TERRES PROMISES

14 juin 2025

Roman de

Bénédicte DUPRÉ LA TOUR

Édité chez

Du Panseur

Date de sortie
22 août 2024
Genre
Western
Pays de l'auteur
France
Avis

Il est bon parfois de quitter sa zone de confort et se risquer à lire de temps en temps quelque chose de différent. L’occasion découvrir une maison d’édition qu’on a peu fréquenté jusqu’ici , ou un auteur qui vous livre son premier travail.

S’il peut arriver que l’on en sorte déçu, parfois la magie opère et vous voilà embarqué et séduit par un écrivain qui ne demande qu’à vous faire découvrir son univers.

@mike-fox

Terres Promises, premier roman de Bénédicte Dupré la Tour, fait partie de ces textes qui bousculent les codes d’un genre que l’on croyait figé.

Loin des westerns codifiés, loin du pittoresque folklorique des grands espaces, elle nous offre un récit choral qui dépouille la conquête de l’Ouest de ses oripeaux héroïques pour mieux en révéler la fange. Celle des corps épuisés, des esprits broyés et des illusions piétinées.

Dans une construction maîtrisée où se succèdent sept récits et six lettres, l’autrice donne voix à des figures marginales, souvent réduites au silence dans l’imaginaire collectif.

Prostituée, orpailleur solitaire, pisteur indigène, infirmière au bord de la folie, jeune femme exploitée par un père tout-puissant… chaque protagoniste incarne une facette du drame collectif qui se joue en toile de fond , celui de la violence fondatrice de cette Amérique en devenir.

Et en filigrane, une huitième voix, celle d’Eliott Burns, condamné à mort, qui tisse par ses lettres un fil rouge tragique et bouleversant, entre reproches, amour et aveux, apportant à l’ensemble une tension sourde, presque incantatoire.

Dupré la Tour ne se contente pas d’enchaîner des portraits. Elle compose une fresque, où les récits se répondent, s’imbriquent subtilement, et gagnent en intensité à mesure que les destins se dévoilent.

Les personnages se croisent, parfois brièvement, parfois de manière plus conséquente, mais jamais gratuitement. Chaque histoire, pourtant autonome, vient nourrir la suivante, et c’est dans cette architecture spiralaire que le texte puise sa puissance.

Ce n’est pas une galerie de destins épars, c’est un monde en ruine où chaque brique est solidaire des autres.Il n’est plus question ici de cow-boys ou d’Indiens, de saloons ou de duels au soleil, mais de vachers, d’indigènes, de tripots.

Une volonté manifeste d’en finir avec les stéréotypes pour révéler une vérité plus âpre, plus universelle. La ruée vers l’or, moteur du récit, n’est ici qu’un prétexte.

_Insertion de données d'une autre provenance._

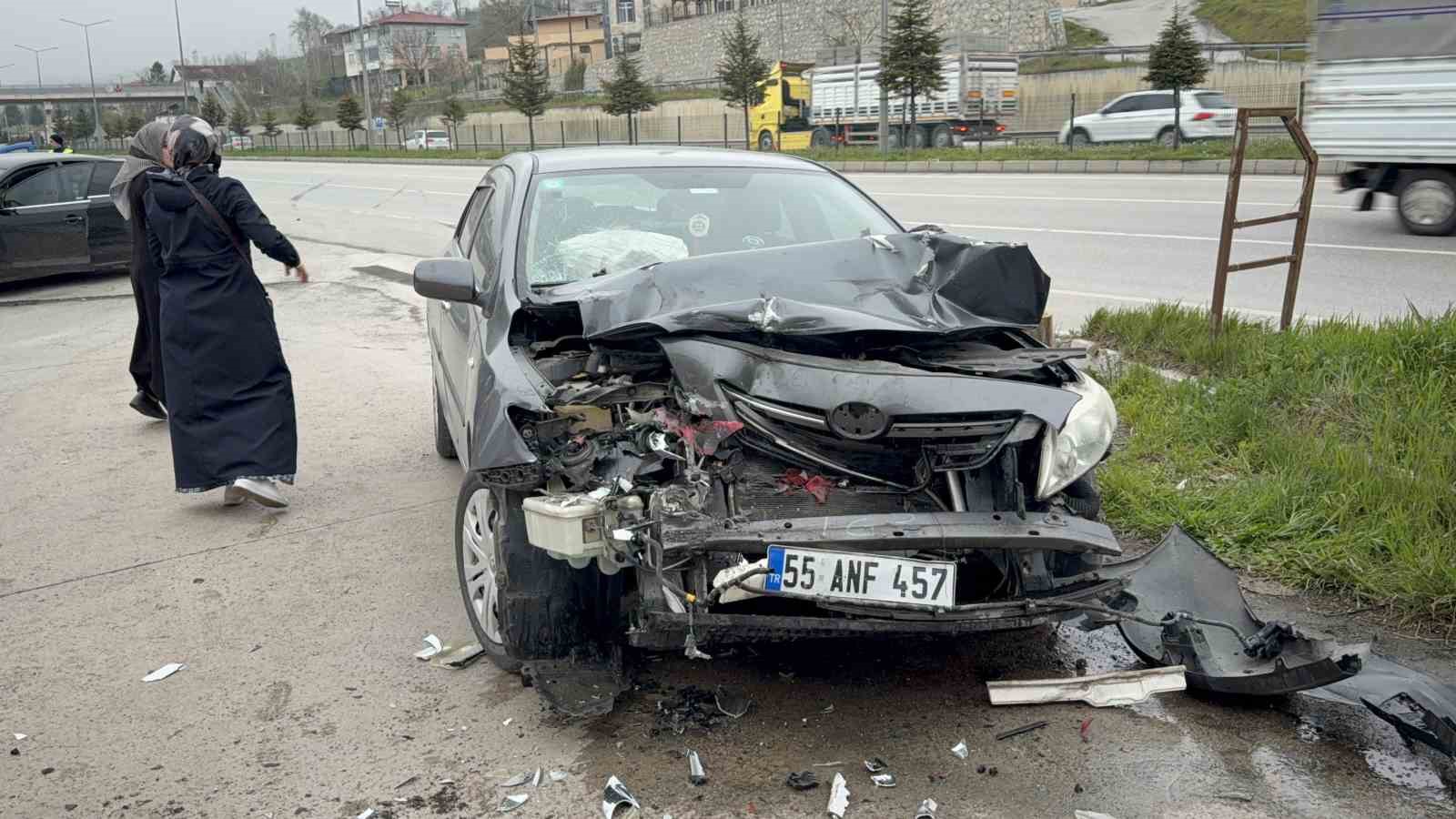 otomobil park halindeki tira carpti 5 yarali 1 9KLSLGYF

Ce qui est en jeu, c’est l’avidité humaine, la façon dont le rêve de liberté se transforme en cauchemar d’asservissement.

@drei-kubik

Le western est par essence un monde d’hommes. Dans «  Terres promises », Bénédicte Dupré la Tour place les femmes au cœur de son roman.

Eleanor, la prostituée qui tente de reprendre le contrôle de son corps, Kinta, l’indigène qui s’émancipe de son clan ,Rebecca, la jeune pionnière brisée par les traditions patriarcales… Toutes expriment, à leur manière, les multiples formes de violence exercées sur les femmes qu’elles soient physiques, sexuelles, ou sociales.

Mais ces femmes sont aussi des résistantes, même lorsque leur révolte échoue. Elles cherchent à se tenir debout, coûte que coûte, dans un monde qui ne leur laisse guère d’espace pour exister.

Bénédicte Dupré la Tour sait user de la métaphore pour dire l’indicible, sans jamais en atténuer la douleur.

L’auteur à cette capacité à décrire la violence sans fard, tout en lui conférant une profondeur presque mystique.

En reléguant au second plan les conquérants pour se concentrer sur les éclopés, les asservis, les laissés-pour-compte, Bénédicte Dupré la Tour renverse le regard.

Elle porte la lumière sur cette frange d’humanité cabossée, piégée dans ses contradictions, mais vibrante.

Finalement, ces “terres promises” ne le sont pour personne. Le rêve s’effondre sous le poids des désillusions, des conquêtes sanglantes et des corps mutilés.

Mais de ce désastre émerge une voix littéraire singulière, qui mérite pleinement l’attention.

Ce premier roman percute le lecteur, le dérange, le pousse à repenser ce que l’on croyait savoir. Il faut oser s’y aventurer.

Car même dans la boue, même dans l’ombre, il arrive qu’un éclat surgisse. Et Terres Promises en est un.